Volvidos 93 dias de governação, a mudança de estilo é evidente. Quanto a discrição passámos de oito para oitenta. A ministra da saúde desapareceu quase por completo do alinhamento dos órgãos de comunicação.
Quanto a policies… podemos alinhar os principais registos:
a) Recuo em toda a linha na reforma das urgências: Passou-se a abrir. Congelou-se o programa de encerramentos;
b) Uma boa decisão: O resgate do Amadora Sintra para o sector público;
c) A resolução (sem alternativas?) pronta da crise da MCSP;
d) Um número assinalável de demissões.

Nova política ou adiamento... até ao desfecho das próximas eleições?
Decisão do Amadora Sintra à parte, dir-se-ia estarmos perante um ministério da saúde provisório.

Sábado, Maio 3

MCSP


Em busca do prestígio perdido
Constantino Sakellarides, link pondera o convite para presidir ao Conselho Consultivo (CC) da MCSP. Ana Jorge, tenta assim dar uma mãozinha ao comprometido projecto de reforma dos cuidados de saúde primários. link
Apesar das garantias que não deixará de salvaguardar, perspectiva-se uma missão de elevado risco para CS. E já vimos como o primeiro ministro, José Sócrates, costuma premiar a coragem e dedicação dos seus colaboradores.

PPP com gestão clínica


«Não há evidência» das vantagens das PPP com gestão clínica
A decisão do Governo de retirar a gestão clínica aos novos hospitais construídos em modelo de parceria público-privada (PPP) era expectável para Adalberto Campos Fernandes, tanto mais que a mesma estava já «escrita e dita desde 2005». Aliás, para o presidente do conselho de administração do Centro Hospitalar de Lisboa Norte (CHLN), «não há, na Europa de hoje, nenhuma evidência forte de que a PPP com gestão é melhor do que a PPP sem gestão clínica», nem mesmo que «a PPP com gestão clínica por 10 anos ou mais serve os interesses do Estado e dos cidadãos».

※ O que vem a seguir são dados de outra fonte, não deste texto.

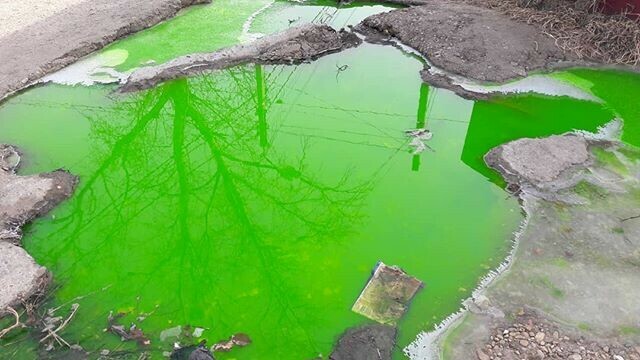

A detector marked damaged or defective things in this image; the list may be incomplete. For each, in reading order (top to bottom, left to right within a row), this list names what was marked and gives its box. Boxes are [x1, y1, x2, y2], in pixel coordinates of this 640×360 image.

broken concrete slab [0, 0, 211, 101]
broken concrete slab [120, 23, 360, 92]
broken concrete slab [358, 1, 572, 83]
broken concrete slab [0, 240, 49, 308]
broken concrete slab [352, 262, 422, 324]
broken concrete slab [332, 324, 398, 360] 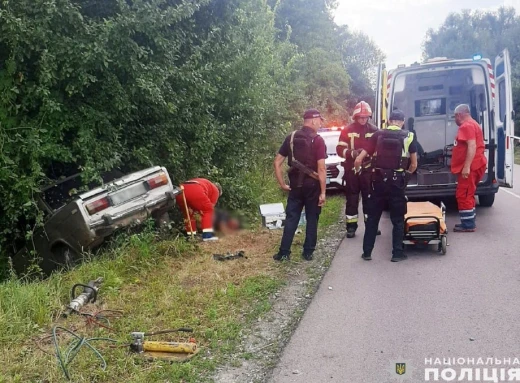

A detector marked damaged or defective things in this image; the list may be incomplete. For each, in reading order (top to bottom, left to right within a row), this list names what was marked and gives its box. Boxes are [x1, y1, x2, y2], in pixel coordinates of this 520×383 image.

crashed car [13, 166, 181, 274]
damaged vehicle [13, 166, 181, 274]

Convidado a falar sobre «Estatística em Saúde e selecção adversa» no Lunch & Learn organizado pelo Hospital do Futuro, no passado dia 24, o médico e administrador hospitalar sublinhou a «certeza» de que o modelo de financiamento por capitação «tende a construir sempre um modelo mais equilibrado na relação entre prestadores e financiadores». O responsável chamou a atenção para a necessidade de se «avançar para modelos onde a comparação seja feita, baseada na melhor evidência», e ainda que «haja cada vez melhor gestão, independentemente de ser pública ou privada». Além disso, Adalberto Campos Fernandes entende que «o futuro também nos deve orientar para promover um caminho mais largo na liberdade de escolha», por forma a «sermos cada vez mais eficientes nas zonas de financiamento e acentuar as capacidades do Estado enquanto provedor e regulador».

Qualidade e custo em risco
O administrador salientou, contudo, os «riscos sobre a qualidade e o custo» que poderão resultar no caso de o sistema de Saúde «num país pobre como o nosso» ser «desmantelado e precipitadamente aberto para regimes de regulação entre financiamento e prestação mais liberais». Segundo o orador, o resultado poderá apontar no sentido do que «já se verifica hoje», ou seja, que o SNS constitua «uma espécie de reservatório daquilo que é menos interessante e menos conveniente para os sectores sociais ou lucrativos, através do fenómeno de patient turning». E «o risco de mercantilização dos cuidados de saúde não é de natureza económico-financeira, mas antes política e social», frisou.
Na sua opinião, o SNS «deve ser mais competitivo, ter mais autonomia de gestão, ser capaz de reter os melhores e deve ser capaz de lidar sem nenhum tipo de preconceito ideológico, técnico ou outro, com a existência de um sector privado e dinâmico, complementar e autónomo». Ainda assim, é verdade que o SNS «não pode competir consigo próprio», mas também «não pode deixar de ser ressarcido pela condição de fábrica de conhecimento».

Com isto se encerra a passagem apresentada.